# Start Spark Session

In [1]:
from pyspark.sql import SparkSession

# Configure SparkSession to connect to the cluster
spark = SparkSession.builder \
    .appName("Jupyter-Spark") \
    .master("spark://spark-master:7077") \
    .config("spark.executor.cores", "2") \
    .config("spark.executor.memory", "2g") \
    .config("spark.cores.max", "4") \
    .config("spark.hadoop.fs.defaultFS", "hdfs://hdfs-namenode:8020") \
    .getOrCreate()

print(spark.version)

3.5.0


# Read csv from local

In [3]:
data = [(1, "Alice"), (2, "Bob"), (3, "Charlie")]

# Parallelize the data and convert it to a DataFrame
df = spark.sparkContext.parallelize(data).toDF(["id", "name"])# Read a text file

In [4]:
df.count()

3

# Reading From Web

In [6]:
import pandas as pd
# Read CSV using pandas
pdf = pd.read_csv("https://people.sc.fsu.edu/~jburkardt/data/csv/airtravel.csv")

# Convert pandas DataFrame to Spark DataFrame
df = spark.createDataFrame(pdf)

df.show(5)

+-----+-------+-------+-------+
|Month| "1958"| "1959"| "1960"|
+-----+-------+-------+-------+
|  JAN|    340|    360|    417|
|  FEB|    318|    342|    391|
|  MAR|    362|    406|    419|
|  APR|    348|    396|    461|
|  MAY|    363|    420|    472|
+-----+-------+-------+-------+
only showing top 5 rows



# Read from hdfs

In [5]:
# Read from HDFS 
df = spark.read.csv("hdfs://hdfs-namenode:8020/sample_data.csv", header=True, inferSchema=True)

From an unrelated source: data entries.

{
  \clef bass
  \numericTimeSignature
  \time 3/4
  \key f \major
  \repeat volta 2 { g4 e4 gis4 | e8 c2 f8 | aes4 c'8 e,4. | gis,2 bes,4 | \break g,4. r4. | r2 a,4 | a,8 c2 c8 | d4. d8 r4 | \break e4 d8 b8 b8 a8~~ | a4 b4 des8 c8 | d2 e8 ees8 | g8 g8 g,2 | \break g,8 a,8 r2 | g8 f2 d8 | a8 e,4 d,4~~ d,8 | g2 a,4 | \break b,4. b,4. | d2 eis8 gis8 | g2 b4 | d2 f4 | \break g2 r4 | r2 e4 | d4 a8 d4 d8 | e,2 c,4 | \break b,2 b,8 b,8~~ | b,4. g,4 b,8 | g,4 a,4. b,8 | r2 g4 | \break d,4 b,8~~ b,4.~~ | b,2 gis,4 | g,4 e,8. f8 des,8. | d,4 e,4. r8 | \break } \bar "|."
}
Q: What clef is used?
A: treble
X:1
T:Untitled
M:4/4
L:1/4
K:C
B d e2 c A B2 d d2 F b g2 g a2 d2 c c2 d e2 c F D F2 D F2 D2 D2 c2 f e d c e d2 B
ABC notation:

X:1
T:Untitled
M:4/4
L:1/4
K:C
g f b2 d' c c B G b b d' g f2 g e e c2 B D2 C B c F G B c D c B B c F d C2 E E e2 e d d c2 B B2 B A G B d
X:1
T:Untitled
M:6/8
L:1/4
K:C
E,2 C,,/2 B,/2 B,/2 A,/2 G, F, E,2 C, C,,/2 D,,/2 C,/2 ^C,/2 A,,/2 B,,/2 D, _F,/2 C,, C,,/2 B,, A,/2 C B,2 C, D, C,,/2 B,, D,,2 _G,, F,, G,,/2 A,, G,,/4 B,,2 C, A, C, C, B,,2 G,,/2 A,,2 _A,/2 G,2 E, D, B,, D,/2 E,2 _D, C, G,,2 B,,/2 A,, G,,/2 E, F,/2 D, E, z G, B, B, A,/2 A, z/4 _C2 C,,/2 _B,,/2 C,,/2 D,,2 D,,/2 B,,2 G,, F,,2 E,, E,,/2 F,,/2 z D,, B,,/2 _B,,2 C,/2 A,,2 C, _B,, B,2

### Option 2 - with hdfs specified during session creation

In [6]:
df = spark.read.csv("/sample_data.csv", header=True, inferSchema=True)

In [7]:
df.show()

+---+---+
|  A|  B|
+---+---+
|  1|  2|
|  3|  4|
+---+---+



In [9]:
df.write.csv("/sample_data_2.csv")

# Read Content From Streaming Data

In [18]:
df = spark.read.csv("/tmp/data/*.csv")

In [19]:
df.show()

+----+--------------------+
| _c0|                 _c1|
+----+--------------------+
|NULL|{"id": 2, "name":...|
|NULL|{"id": 2, "name":...|
|NULL|{"id": 3, "name":...|
|NULL|{"id": 2, "name":...|
|NULL|{"id": 2, "name":...|
+----+--------------------+



# Stop Spark

In [None]:
spark.stop()